Recently, I read a children’s story book as part of a
university lecture (strange, I know). The book centred on a child’s older pet
cat, which felt left out and annoyed when the child was presented with a new
kitten. After running away, the child
comes in contact with a wise old owl, who tells the cat “it’s the I want in
your tummy that’s making you sad.” Upon hearing this, the cat realised
something profound. We have to accept the present situation we’re in, and we
need to take responsibility for changing our attitude. Sometimes where we are in life is not where
we want to be, sometimes a situation comes up that we never planned on. But in
those moments, it is our choice to let go of the ‘I want’ and accept what is. Because what is, is exactly
what God planned it to be. Because no matter what the outside situation is, we
are still who we are, who God made us, who we were always destined to be. We
have to make the choice to view things from another perspective, to look at
things in a new light, and realise that though things are not as we would like
them to be, we are still who God made us to be. Maybe the problem is not the
problem itself, maybe it is our attitude. Maybe we need to let go of the I
wants, I planned, I hoped, I prayed. Maybe it’s time to let go, and accept what
is. Maybe it’s time to let go and rejoice in today knowing it is the day God
has made. Maybe it is time to know that though we do not have all the answers,
we have THE ANSWER.
I got to learn this lesson the hard way (of course!)
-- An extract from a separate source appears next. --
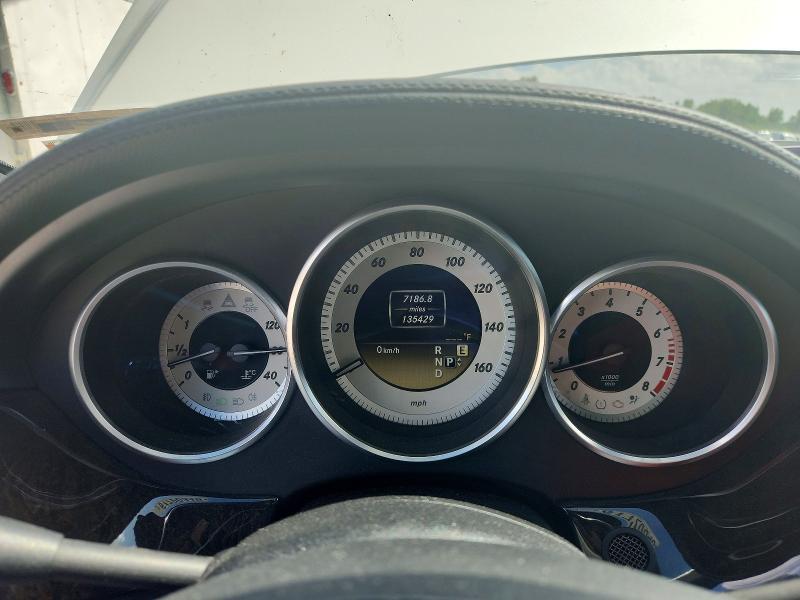 2012 MERCEDES-BENZ CLS 550 4MATIC — Фото 9 из 13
recently. I have always struggled knowing how different my family is from
others. I could see this standard for families, you know the one, and it includes
one Mum, one Dad, and a few siblings who are all related by blood. It includes
kids going to school, growing up, moving out, getting married and having
families all of their own. But that’s not my family. There are many parents involved;
none of my siblings are related by blood fully, with the oldest being in his 30’s,
and the youngest being 3. There’s a lot of stress in our world, and none of our
lives are necessarily how we planned them. So yesterday, when it all came to a
boiling point, where the fear and frustration and stress and doubt, the
uncertainty and anger reached its tensest moment, I had to make a choice. I had
to let go of the ‘I want’ in my tummy. And so as I sat in my car, sobbing and
pouring my heart out to God, this is what I heard Him say: ‘normal is not a standard to live up to. It’s
WHAT IS. It’s who your family is, what your world looks like.’
That picture you have in your head of normal – get rid of
it. Picture you, your life, what happens around you – that’s normal. And once
you know that, give thanks for that.
“Dare to be grateful for every good thing.
And dare to know its all good. That’s what God does: God works everything for
good.” (Ann Voskamp)
Today, kneel down in surrender. Rise up and see from a
different angle. Lie down and stare straight into the face of Jesus. Let go of
the ‘I wants’, the way you wanted things to be. Realise that even when
everything changes, HE NEVER DOES. Our identity is strong and stable in Him. We
can make it through anything in the One Who makes us who we are (Phil 4:13). Be
grateful for your normal, and know that even in the moments where it all seems
bad, we can be grateful for the good things, because it is actually all good.